— Problem —
Report each line of the listing below that holds "heart".

— Excerpted records —
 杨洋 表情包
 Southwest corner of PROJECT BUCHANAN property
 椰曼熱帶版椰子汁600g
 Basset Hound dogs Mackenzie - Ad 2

* * *

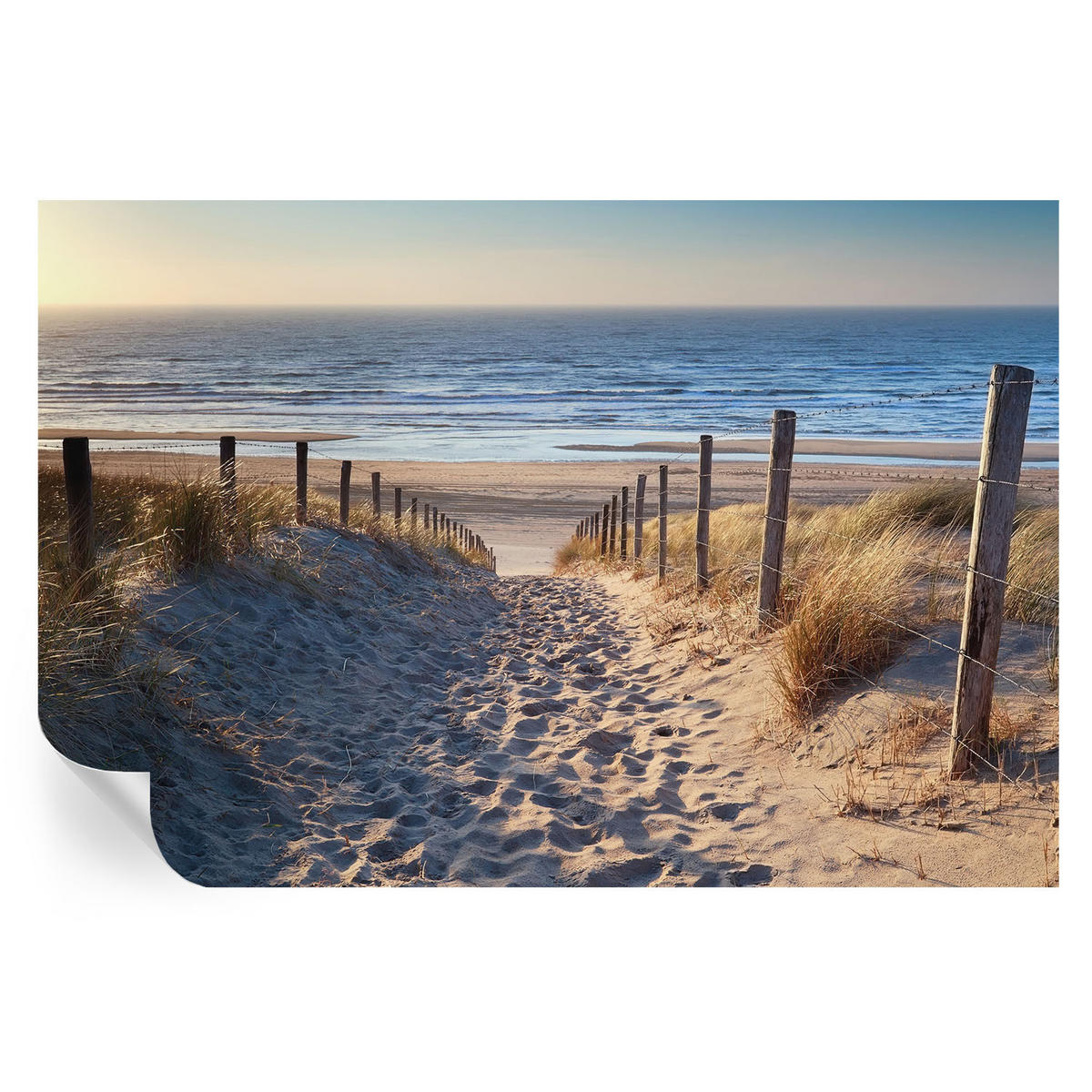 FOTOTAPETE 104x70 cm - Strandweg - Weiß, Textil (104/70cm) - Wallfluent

---

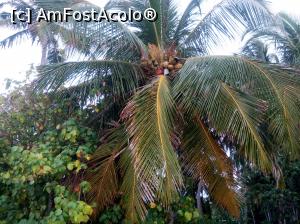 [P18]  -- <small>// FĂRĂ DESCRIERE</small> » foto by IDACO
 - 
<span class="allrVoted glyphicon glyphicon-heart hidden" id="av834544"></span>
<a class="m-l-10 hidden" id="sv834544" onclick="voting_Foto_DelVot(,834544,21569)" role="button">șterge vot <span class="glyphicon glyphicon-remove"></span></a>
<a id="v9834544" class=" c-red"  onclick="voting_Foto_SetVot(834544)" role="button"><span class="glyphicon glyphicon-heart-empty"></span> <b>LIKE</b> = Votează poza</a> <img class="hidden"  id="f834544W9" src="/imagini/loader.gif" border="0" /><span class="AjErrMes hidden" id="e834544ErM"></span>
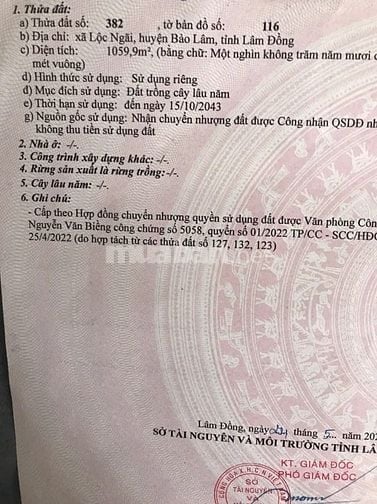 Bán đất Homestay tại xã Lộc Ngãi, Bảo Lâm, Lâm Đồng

— Exercise response —
<span class="allrVoted glyphicon glyphicon-heart hidden" id="av834544"></span>
<a id="v9834544" class=" c-red"  onclick="voting_Foto_SetVot(834544)" role="button"><span class="glyphicon glyphicon-heart-empty"></span> <b>LIKE</b> = Votează poza</a> <img class="hidden"  id="f834544W9" src="/imagini/loader.gif" border="0" /><span class="AjErrMes hidden" id="e834544ErM"></span>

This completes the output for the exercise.